Biochar and short-term n2 o and co2 emission from plant residue-amended soil with different fertilisation history

Abstract

The effect of biochar application on nitrous oxide (N2 O) and carbon dioxide (CO2 ) emissions from an arable soil amended with maize leaves was studied in a laboratory experiment using soil samples collected from plots with three different fertiliser treatments: no fertilisation (CONT), mineral fertiliser (NPKMg) and farmyard manure (FYM), of a well characterized agricultural experiment established in 1949. Two biochars (BC) used in the experiment were produced in low temperature slow (BCslow) and in high temperature fast (BCfast) pyrolysis, and applied at a rate of 10 t ha-1. Different fertilisation strategies induced significant differences in the soil total carbon (C) and nitrogen (N) contents (CONT < NPKMg < FYM), but at the time of the soil sample collection the soil contained low levels of plant-available nitrogen (<10 mg kg-1 N soil) independent of the fertilisation treatment. A stable suppressive effect of BCslow, but not BCfast application on N2 O emissions was found for maize leaves-amended soil. The short-term effect of residue application on N2 O emission was much stronger than the 60-year difference in the soil fertilisation strategy. Mixing of biochar with maize leaves and the soil was in general more efficient in reducing N2 O emissions than biochar application in layers.
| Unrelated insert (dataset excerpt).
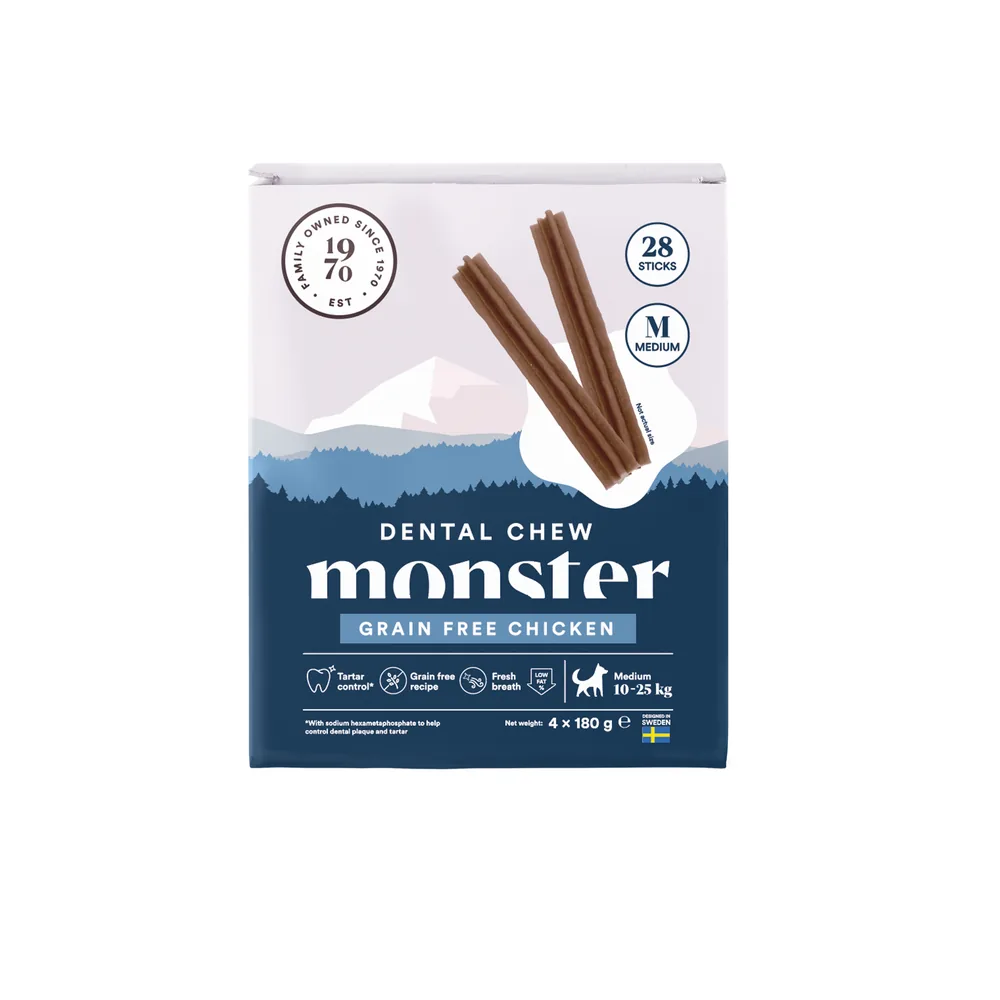 Monster Hund Dental Chew GF Chicken M Month (28st) 720 g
Neither of the studied ways of biochar application to the soils systematically reduced CO2 emissions. Compared to BCslow, application of thermally more labile BCfast with wider oxygen and carbon (O:C) and hydrogen and carbon (H:C) ratios did not systematically reduce N2 O emissions and increased CO2 fluxes from the soils, underpinning the role of biochar stability and composition for controlling plant residue-related greenhouse gas (GHG) emissions.